How to Use Housing Policy to Increase Economic Mobility
Over 45 million people live in poverty in the United States, facing limited opportunities to improve their economic status or that of their children. A report from the Urban Institute, Housing Policy Levers to Promote Economic Mobility, explores numerous opportunities to use federal, state, and local housing policy to improve economic mobility.
The diverse categories of housing polices with real potential to help families achieve economic mobility include tax policies, block grants, rental assistance programs, fair housing regulations, and homeownership programs.
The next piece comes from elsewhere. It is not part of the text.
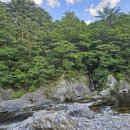 법수치오토캠핑장 이미지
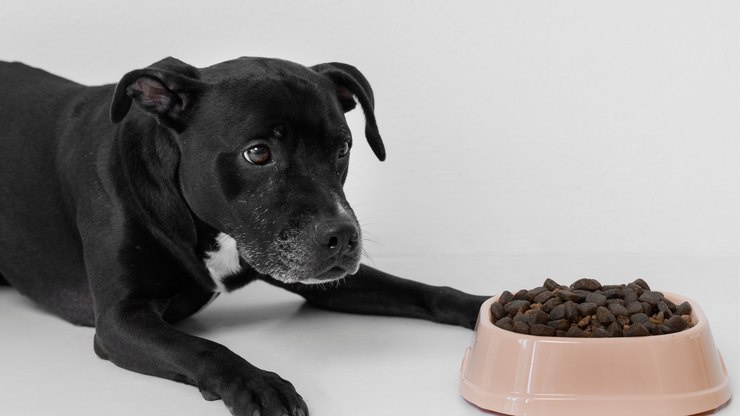O que muda na alimentação quando o pet envelhece?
The paper discusses the evidence connecting each of the policies with economic mobility and provides guidance (including practical examples) about how to use the policy to achieve better results.
Major findings and recommendations:
- Neighborhood context contributes to children’s economic mobility.
- Homeownership is the primary contributor to differences in wealth growth by white and black families, yet homeownership can also lock families in places where job prospects are low.
- In the absence of housing policy change, low-income families will have limited ability to afford to live in low-crime areas with access to high-performing schools.
- Without deliberate policy attention, homeownership opportunities in low-poverty areas may be unavailable or unsustainable for low-income or minority households.
- The goal of increasing economic mobility should be used when evaluating and modifying federal, state, and local housing policies.
- The federal government can support economic mobility through the enforcement of fair housing rules and regulations, simultaneous efforts to improve opportunities for low-income people and strengthen disadvantaged places, and changes to tax policy.
- State policies can support economic mobility through efforts that integrate affordability across multiple local jurisdictions and by producing or preserving affordable housing in areas with access to jobs and transit.